‘Fishing expedition’ nets nearly tenfold increase in number of sequenced virus genomes
COLUMBUS, Ohio – Using a specially designed computational tool as a lure, scientists have netted the genomic sequences of almost 12,500 previously uncharacterized viruses from public databases.
The finding doubles the number of recognized virus genera – a biological classification one step up from species – and increases the number of sequenced virus genomes available for study almost tenfold.
The research group studies viruses that infect microbes, and specifically bacteria and archaea, single-cell microorganisms similar to bacteria in size, but with a different evolutionary history.
Microbes are essential contributors to all life on the planet, and viruses have a variety of influences on microbial functions that remain largely misunderstood, said Matthew Sullivan, assistant professor of microbiology at The Ohio State University and senior author of the study.
Sullivan partners with scientists studying microbes in the human gut and lung, as well as natural environments like soils and oceans. Most recently, he reported on the diversity of oceanic viral communities in a special issue of the journal Science featuring the Tara Oceans Expedition, a global study of the impact of climate change on the world’s oceans.
“Virus-bacteria and virus-archaea interactions are probably quite important to the dynamics of that microbe, so if researchers are studying a microbe in a specific environment, they’ve been missing a big chunk of its interaction dynamics by ignoring the viruses,” Sullivan said. “This work will help researchers recognize the importance of viruses in a lot of different microbes.
“In all of our studies, we’re working with people who know the microbes well, and we help them decide how viruses might be helpful to the microbial system. The projects range from fundamental, basic science to applied medical science.”
The research is published in the online journal eLife.
Finding a treasure trove of new virus genome sequences has opened the door to using those data to identify previously unknown microbial hosts, as well. These new possibilities are attributed to VirSorter, a computational tool developed by study lead author Simon Roux, a postdoctoral researcher in Sullivan’s lab.
The sorter scoured public databases of sequenced microbial genomes, looking for fragments of genomes that resembled virus genomes that had already been sequenced – for starters. VirSorter also “fished” for sequences by looking for genes known to help produce a protein shell that all viruses have, called a capsid.
“The idea is that bacteria don’t use capsids or produce them, so any capsid gene should come from a virus,” Roux said. The sorter then associated capsid genes with unfamiliar genes – those considered new, small or organized differently – that are unlikely to be produced by bacteria.
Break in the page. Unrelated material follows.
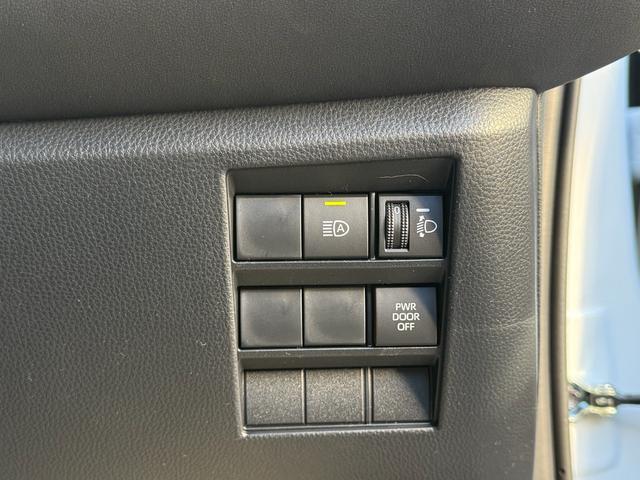 ヴォクシー S-Z 改良型/登録済未使用車/OP快適利便/OPトヨタチームメイトアドバンストパーク/OPCD・DVDデッキ/セーフティセンス/ブラインドスポット/パーキングサポート/パノラミックビュー/保証R12年11月(24枚目)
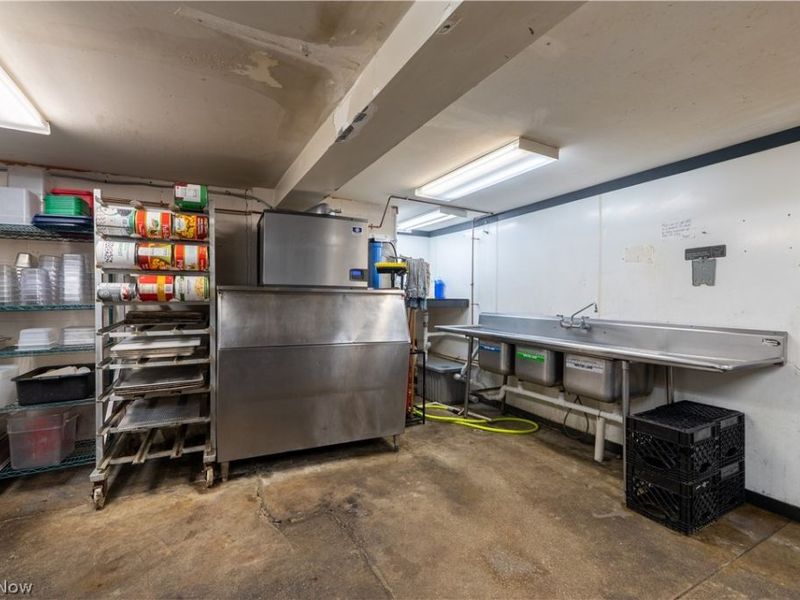 127 S Broadway Street, New Philadelphia, OH 44663 Photo 8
“None of these genomic features is really a smoking gun per se, but combining them led to a robust detection of ‘new’ viruses – viruses we did not have in the database, but can identify because they have capsid genes and a viral organization,” he said.
Using microbial genomes as a data source meant researchers could link newly identified virus sequences to the proper microbial host. The scientists then tried a reverse maneuver on the data to see if virus sequences alone could be used to identify unknown hosts – and this way of analyzing the sequences could predict the host with up to 90 percent accuracy.
“We can survey a lot of environments to find new viruses, but the challenge has been answering, who do they infect?” Sullivan said. “If we can use computational tricks to predict the host, we can explore that viral-host linkage. That’s a really important part of the equation.”
Though viruses are generally thought to take over whatever organism they invade, Sullivan’s lab has identified a few viruses, called prophages, which coexist with their host microbes and even produce genes that help the host cells compete and survive.
Viruses can’t survive without a host, and the most-studied viruses linked to disease are lytic in nature: They get inside a cell and make copies of themselves, destroying the cell in the process.
But the genome sequences revealed in this study suggest that there are many more prophage-like viruses that are different in one important respect: Their genome remains separate from their microbial hosts’ genome.
“The extrachromosomal form of this virus type appears quite widespread, and virtually nobody is studying these kinds of viruses,” said Sullivan, who also has an appointment in civil, environmental and geodetic engineering. “That is a really different and largely unexplored phenomenon, and it’s important to understand those viruses’ ability to interact and tie into the function of those cells.”
Sullivan has just relocated his lab from the University of Arizona, where this research was conducted. He and Roux co-authored the eLife paper with Steven Hallam of the University of British Columbia and Tanja Woyke of the Department of Energy’s Joint Genome Institute.
The work was supported by the Gordon and Betty Moore Foundation, the Natural Sciences and Engineering Research Council of Canada, Canada Foundation for Innovation, the Canadian Institute for Advanced Research and the Tula Foundation-funded Centre for Microbial Diversity and Evolution, G. Unger Vetlesen and Ambrose Monell Foundation. The source genome databases are maintained by the National Center for Biotechnology Information.